在前几章中,我们已经熟悉了LevelDB中的创建、读数据、写数据等基本操作,现在应该仔细来看看存储数据的结构体了,一开始我们已经看了skiplist的实现,其实MemTable中基本上就是依靠skiplist来实现的。MemTable是在内存中的数据存储结构,一些基本的读取操作都是会先对其做操作,而sstable则是磁盘上的存储结构。这一节的内容是也是LevelDB的精华所在。
MemTable
MemTable的结构较为简单。对其的get的put操作都转换为跳表上的操作即可,还要注意一点,就是MemTable中有一个内置的引用计数,作用和智能指针相似,只有ref=0的时候才能析构 ,不同的地方时之类的引用计数需要手动增加,每申请一个MemTable对象,都有手动调用Ref(),要析构前调用Unref()。
class MemTable {
public:
// MemTables are reference counted. The initial reference count
// is zero and the caller must call Ref() at least once.
explicit MemTable(const InternalKeyComparator& comparator);
MemTable(const MemTable&) = delete;
MemTable& operator=(const MemTable&) = delete;
// Increase reference count.
void Ref() { ++refs_; }
// Drop reference count.
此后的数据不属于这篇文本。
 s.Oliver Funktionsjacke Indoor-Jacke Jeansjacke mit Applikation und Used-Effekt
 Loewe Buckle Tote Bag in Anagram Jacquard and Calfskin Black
Delete if no more references exist.
void Unref() {
--refs_;
assert(refs_ >= 0);
if (refs_ <= 0) {
delete this;
}
}
// Add an entry into memtable that maps key to value at the
// specified sequence number and with the specified type.
// Typically value will be empty if type==kTypeDeletion.
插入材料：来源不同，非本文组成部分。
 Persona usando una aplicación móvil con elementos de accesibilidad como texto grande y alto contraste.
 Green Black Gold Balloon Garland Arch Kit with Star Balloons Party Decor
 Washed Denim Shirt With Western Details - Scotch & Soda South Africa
void Add(SequenceNumber seq, ValueType type, const Slice& key,
const Slice& value);
// If memtable contains a value for key, store it in *value and return true.
// If memtable contains a deletion for key, store a NotFound() error
// in *status and return true.
// Else, return false.
bool Get(const LookupKey& key, std::string* value, Status* s);
...
private:
typedef SkipList<const char*, KeyComparator> Table;
~MemTable(); // Private since only Unref() should be used to delete it
KeyComparator comparator_;
int refs_;
Arena arena_;
//这里可以看到MemTable中就是依靠一个快表进行存储的,
//注意这里没有放指针,直接放了对象,构造MemTable的时候直接调用SkipList的构造函数即可
Table table_;
...
};
以上的接口都解释的很清楚了,接下来看一下Add函数的具体实现。大致流程:首先计算出每一个key-value对的格式长度,格式如下图。然后申请内存,在内存空间中将数据按照格式填充进去,最后插入快表中。
void MemTable::Add(SequenceNumber s, ValueType type, const Slice& key,
const Slice& value) {
// Format of an entry is concatenation of:
// key_size : varint32 of internal_key.size()
// key bytes : char[internal_key.size()]
// value_size : varint32 of value.size()
// value bytes : char[value.size()]
size_t key_size = key.size();
size_t val_size = value.size();
size_t internal_key_size = key_size + 8;
//整体大小为encoded_len,格式为如上所示
const size_t encoded_len = VarintLength(internal_key_size) +
internal_key_size + VarintLength(val_size) +
val_size;
//这里是申请encoded_len大小的空间
char* buf = arena_.Allocate(encoded_len);
//把key长度赋值到内存中
char* p = EncodeVarint32(buf, internal_key_size);
//把key放到内存中,这里先放key的值,然后再放type(8字节的type)
memcpy(p, key.data(), key_size);
p += key_size;
EncodeFixed64(p, (s << 8) | type);
p += 8;
//放value的size
p = EncodeVarint32(p, val_size);
memcpy(p, value.data(), val_size);
assert(p + val_size == buf + encoded_len);
//最后把这个内存块插入快表中
table_.Insert(buf);
}
接下来再看看查找的过程。首先根据key初始化一个Iterator对象,用于查找,当没有找到就直接返回false,如果找到则按照如上的格式解析出来,这里还有一点,在解析出type的时候判断其是否已经被删除(tag == kTypeDeletion),如果没有则赋值参数value并返回true。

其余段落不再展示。